[llvm] c3b48ec - [RISCV] Match strided loads with reversed indexing sequences
Philip Reames via llvm-commits
llvm-commits at lists.llvm.org
Tue Aug 22 07:59:57 PDT 2023
Author: Philip Reames
Date: 2023-08-22T07:59:49-07:00
New Revision: c3b48ec6ff92c47cd6136ee25360d31952a3adf2
URL: https://github.com/llvm/llvm-project/commit/c3b48ec6ff92c47cd6136ee25360d31952a3adf2
DIFF: https://github.com/llvm/llvm-project/commit/c3b48ec6ff92c47cd6136ee25360d31952a3adf2.diff
LOG: [RISCV] Match strided loads with reversed indexing sequences
This extends the concat_vector of loads to strided_load transform to handle reversed index pattern. The previous code expected indexing of the form (a0, a1+S, a2+S,...). However, we can also see indexing of the form (a1+S, a2+S, a3+S, .., aS). This form is a strided load starting at address aN + S*(n-1) with stride -S.
Note that this is also fixing what looks to be a bug in the memory location reasoning for forward strided case. A strided load with negative stride access eltsize bytes past base ptr, and then bytes *before* base ptr. (That is, the range should extend from before base ptr to after base ptr.)

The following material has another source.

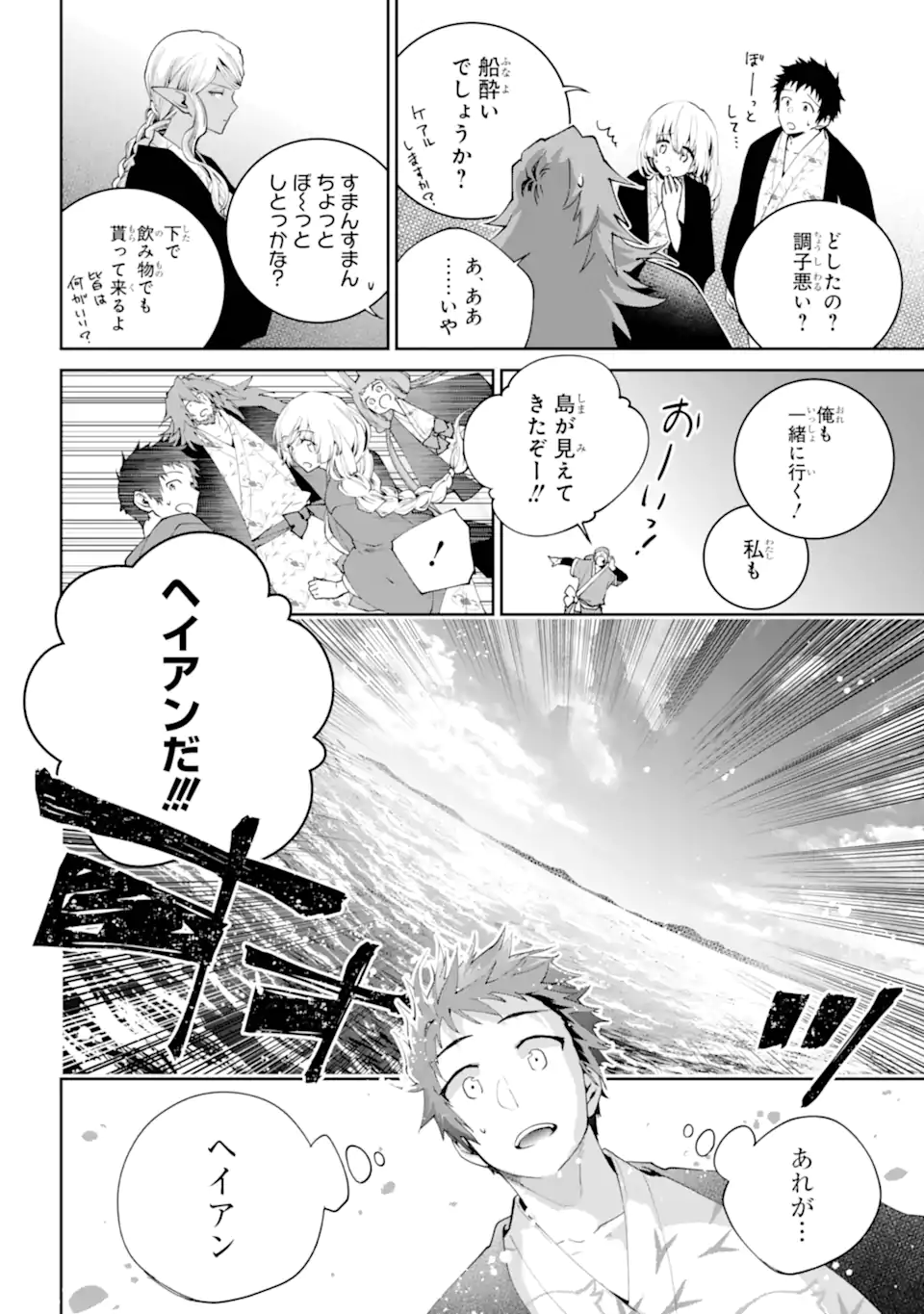 Final Fantasy: Lost Stranger - Chapter 67.3 - Page 8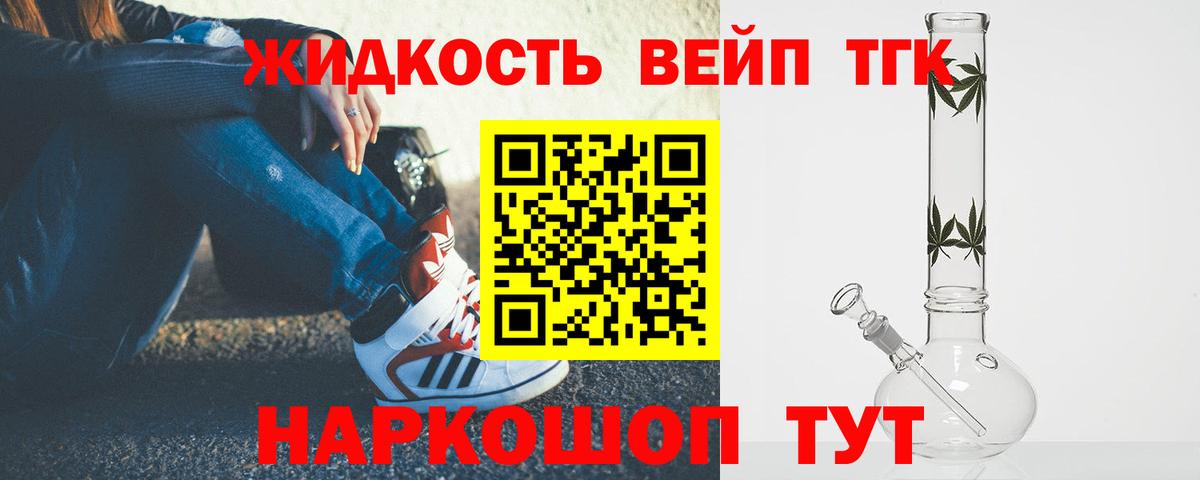 Дистиллят ТГК вейп Южно-Сахалинск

Differential Revision: https://reviews.llvm.org/D157886
Added:
Modified:
llvm/lib/Target/RISCV/RISCVISelLowering.cpp
llvm/test/CodeGen/RISCV/rvv/fixed-vectors-strided-load-combine.ll
Removed:
################################################################################
diff --git a/llvm/lib/Target/RISCV/RISCVISelLowering.cpp b/llvm/lib/Target/RISCV/RISCVISelLowering.cpp
index 536cbcda6da28d..8eaaa4d06136b2 100644
--- a/llvm/lib/Target/RISCV/RISCVISelLowering.cpp
+++ b/llvm/lib/Target/RISCV/RISCVISelLowering.cpp
@@ -12894,10 +12894,9 @@ static SDValue performCONCAT_VECTORSCombine(SDNode *N, SelectionDAG &DAG,
SDValue BasePtr = BaseLd->getBasePtr();
// Go through the loads and check that they're strided
- SDValue CurPtr = BasePtr;
- SDValue Stride;
+ SmallVector<SDValue> Ptrs;
+ Ptrs.push_back(BasePtr);
Align Align = BaseLd->getAlign();
-
for (SDValue Op : N->ops().drop_front()) {
auto *Ld = dyn_cast<LoadSDNode>(Op);
if (!Ld || !Ld->isSimple() || !Op.hasOneUse() ||
@@ -12905,27 +12904,66 @@ static SDValue performCONCAT_VECTORSCombine(SDNode *N, SelectionDAG &DAG,
Ld->getValueType(0) != BaseLdVT)
return SDValue();
- SDValue Ptr = Ld->getBasePtr();
- // Check that each load's pointer is (add CurPtr, Stride)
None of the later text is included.